WASHINGTON — Hundreds of millions of dollars have been spent on measures to harden public schools in an attempt to make students safer from gun violence, but a new report says there is no evidence those measures have worked. Instead, it says, they have created “a false sense of security.”

Researcher­s at the University of Toledo and Ball State University conducted a review of 18 years of reports on school security measures and their effectiven­ess and wrote in their paper, which was recently published in the journal Violence and Gender.

“This comprehens­ive review of the literature from 2000 to 2018 regarding school firearm violence prevention failed to find any programs or practices with evidence indicating that they reduced such firearm violence,” the report said.

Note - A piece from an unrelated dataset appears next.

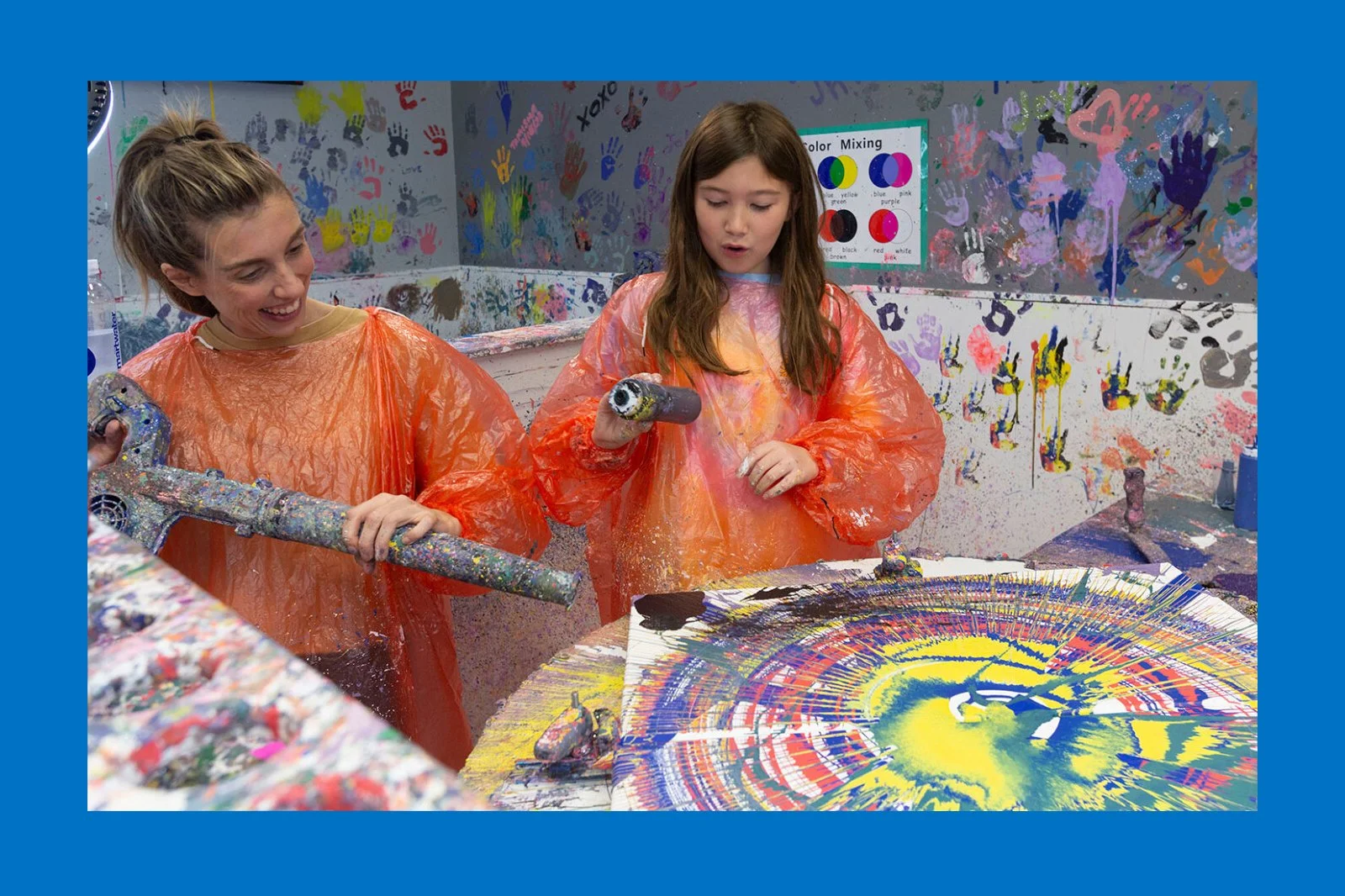 Two girls and an adult engaging in splatter painting in a colorful art studio, wearing orange protective smocks. One girl holds a paint roller, and the other has a plastic tool. The wall behind them is covered in handprints, paint splashes, and a color mixing chart. The table in front has a large circular canvas with vibrant abstract paint patterns.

Federal data show that 2018 was the worst on record for school shootings and gun-related incidents. The Naval Postgradua­te School’s K-12 School Shooting Database says there were 94 school gun-violence incidents, a record since the data started being collected in 1970. The database includes every instance a gun is displayed or fired on campus or if a bullet hits school property for any reason.

The Washington Post has maintained its own school shootings database for several years, and it found that since the 1999 massacre at Columbine High School in Colorado — in which 12 students and one teacher were killed by two teenagers who then killed themselves — more than 226,000 children at 233 schools have been exposed to gun violence. At least 143 children, educators and other people have been killed in assaults and 294 have been injured.

The review published in Violence and Gender of 89 journal publicatio­ns and some media reports was undertaken by James H. Price, professor emeritus in the Department of Public Health at the University of Toledo, and Jagdish Khubchanda­ni, an associate professor of health science at Ball State University.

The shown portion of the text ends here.